» **Work instructions**:
A faithful, word-for-word copy of the data below is required, without pictures.

===== Data provided =====

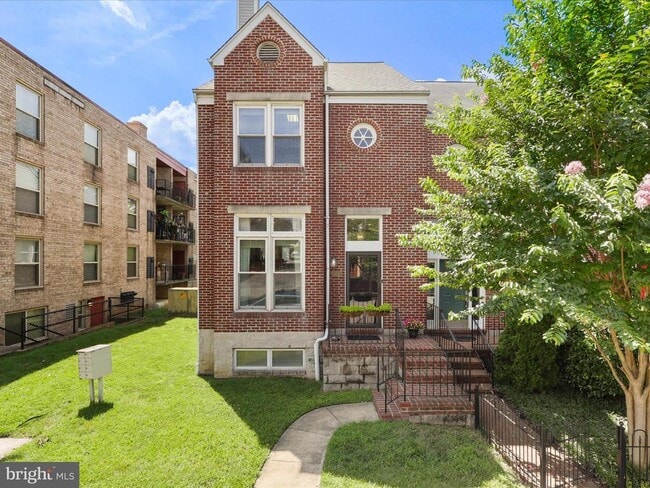 Building Photo - 626 N Payne St
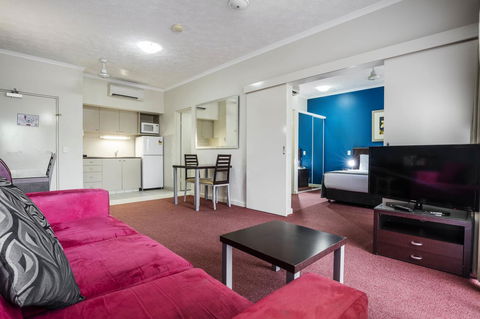 Mercure Darwin Airport Resort - Australian Directory 33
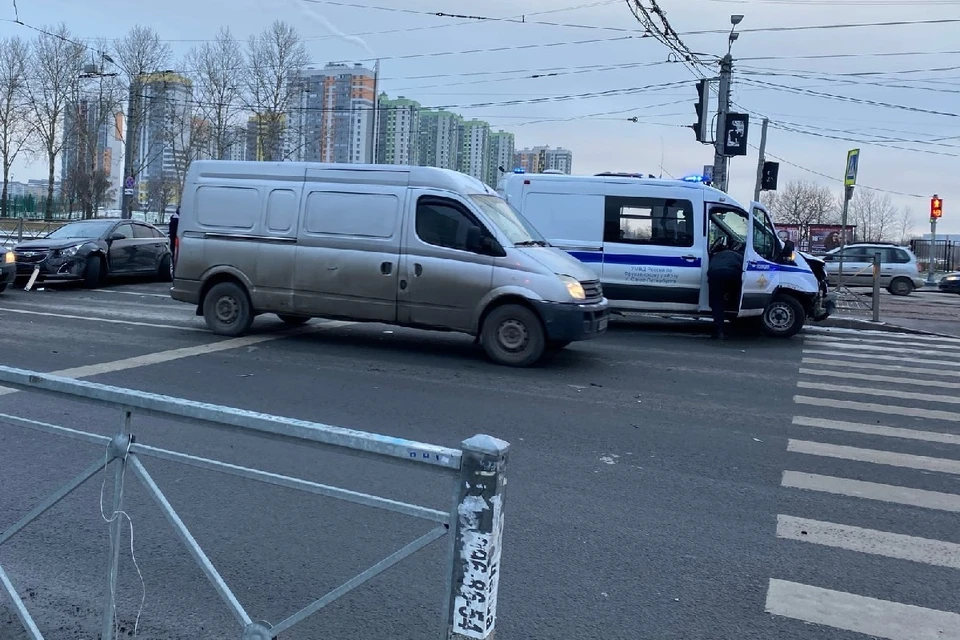 Машина полиции пострадала в ДТП в Купчино. Фото: vk.com/spb_today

=====

» **Expected answer**:
 Building Photo - 626 N Payne St
 Mercure Darwin Airport Resort - Australian Directory 33
 Машина полиции пострадала в ДТП в Купчино. Фото: vk.com/spb_today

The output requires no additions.